PROBLEM | Skip the pictures. Output only the lines below starting at the line with "花瓶の草花大　ワイヤークラフト 7枚目の画像" and ending at the line with "Rhodonite Worry Stone: Embrace", both ends included, exactly as they are.

══ DATA PROVIDED

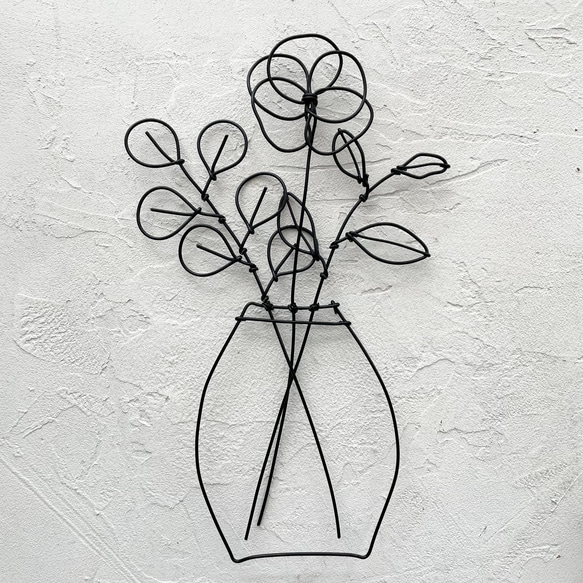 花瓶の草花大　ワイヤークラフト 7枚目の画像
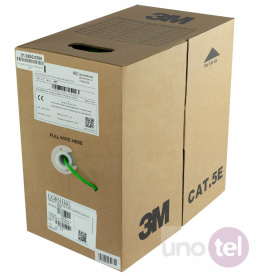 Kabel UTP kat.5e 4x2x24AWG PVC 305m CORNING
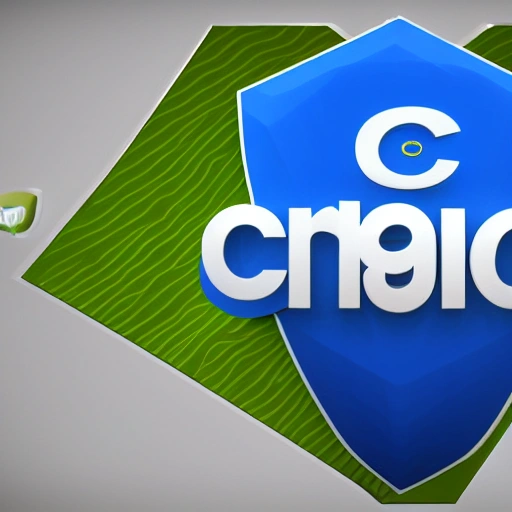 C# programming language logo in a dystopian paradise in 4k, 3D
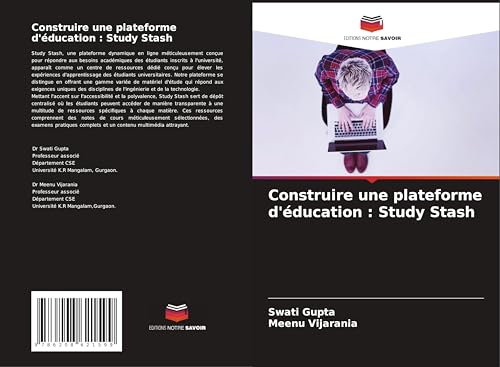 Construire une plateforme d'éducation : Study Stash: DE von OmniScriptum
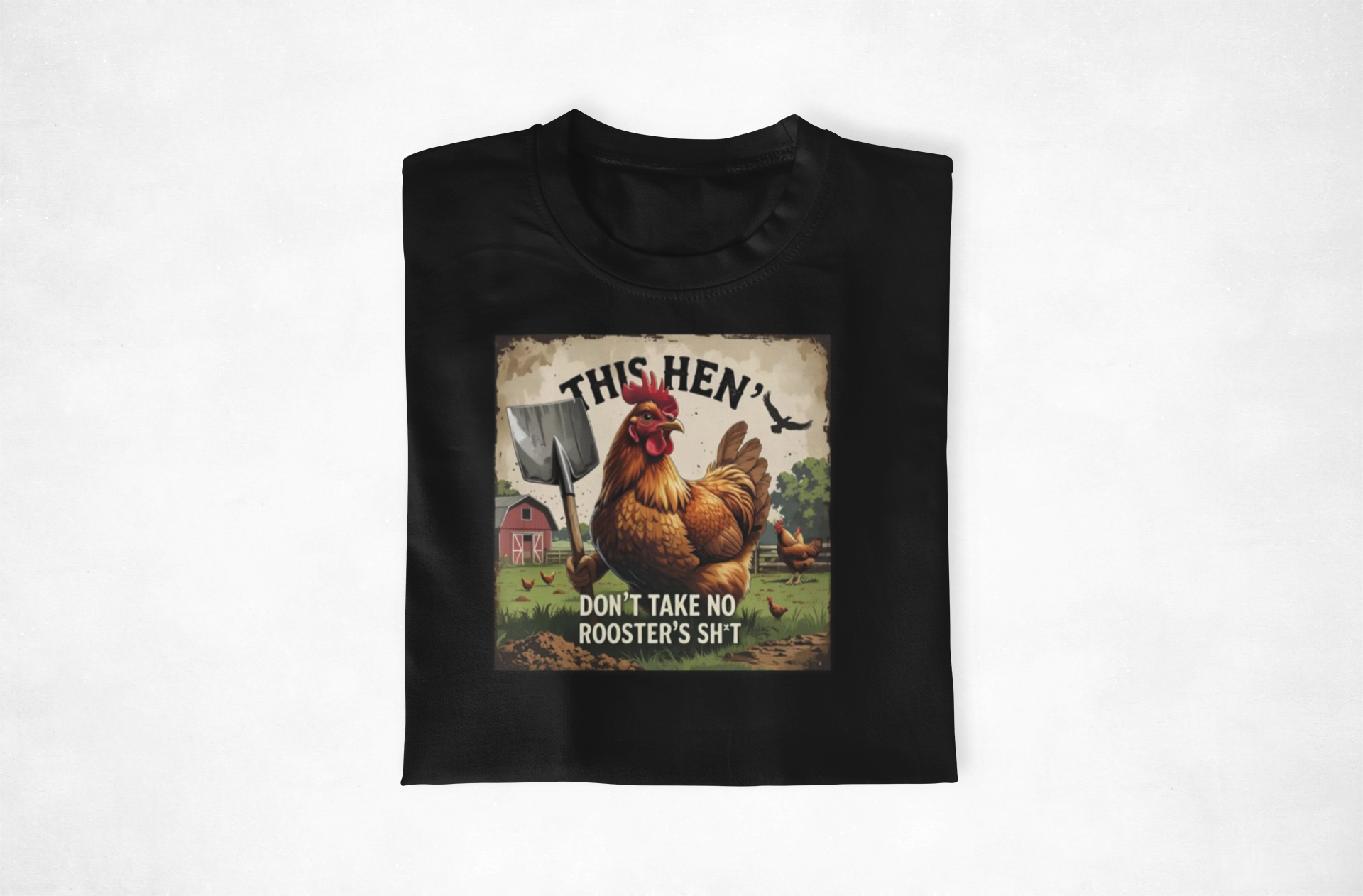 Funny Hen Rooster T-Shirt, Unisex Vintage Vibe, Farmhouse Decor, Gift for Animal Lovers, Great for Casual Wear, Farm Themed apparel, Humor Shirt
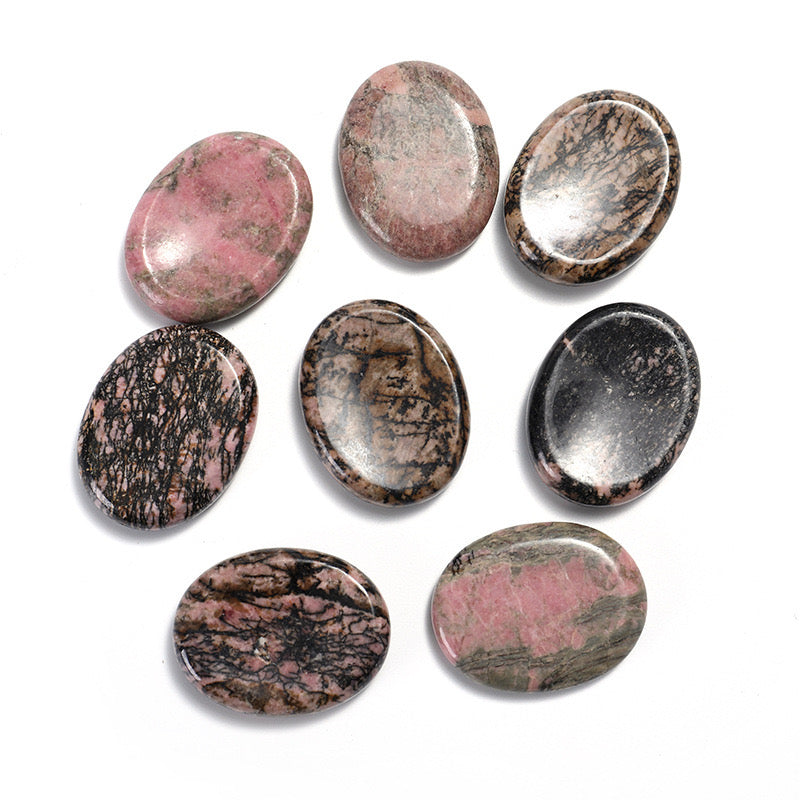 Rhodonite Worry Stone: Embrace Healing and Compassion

════
══ DATA PROVIDED

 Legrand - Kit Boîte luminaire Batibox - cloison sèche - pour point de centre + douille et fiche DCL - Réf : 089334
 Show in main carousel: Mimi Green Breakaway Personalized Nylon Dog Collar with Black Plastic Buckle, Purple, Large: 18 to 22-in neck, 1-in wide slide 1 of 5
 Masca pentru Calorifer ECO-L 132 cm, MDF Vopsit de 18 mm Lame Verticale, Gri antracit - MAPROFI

════
══ DATA PROVIDED

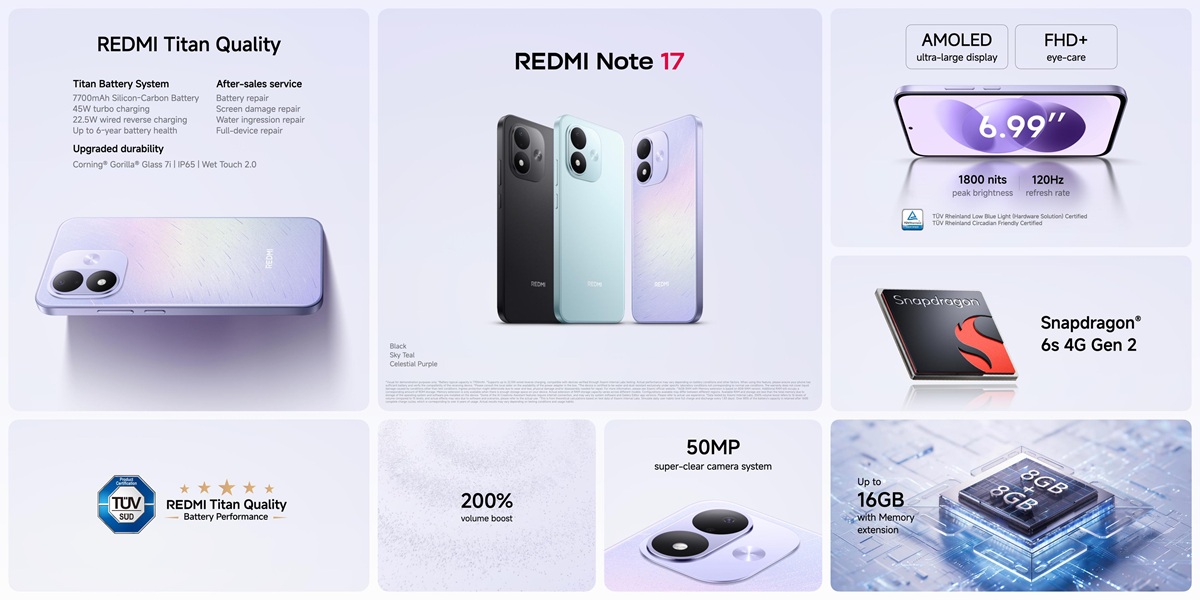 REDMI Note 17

════

EXPECTED ANSWER |
 花瓶の草花大　ワイヤークラフト 7枚目の画像
 Kabel UTP kat.5e 4x2x24AWG PVC 305m CORNING
 C# programming language logo in a dystopian paradise in 4k, 3D
 Construire une plateforme d'éducation : Study Stash: DE von OmniScriptum
 Funny Hen Rooster T-Shirt, Unisex Vintage Vibe, Farmhouse Decor, Gift for Animal Lovers, Great for Casual Wear, Farm Themed apparel, Humor Shirt
 Rhodonite Worry Stone: Embrace Healing and Compassion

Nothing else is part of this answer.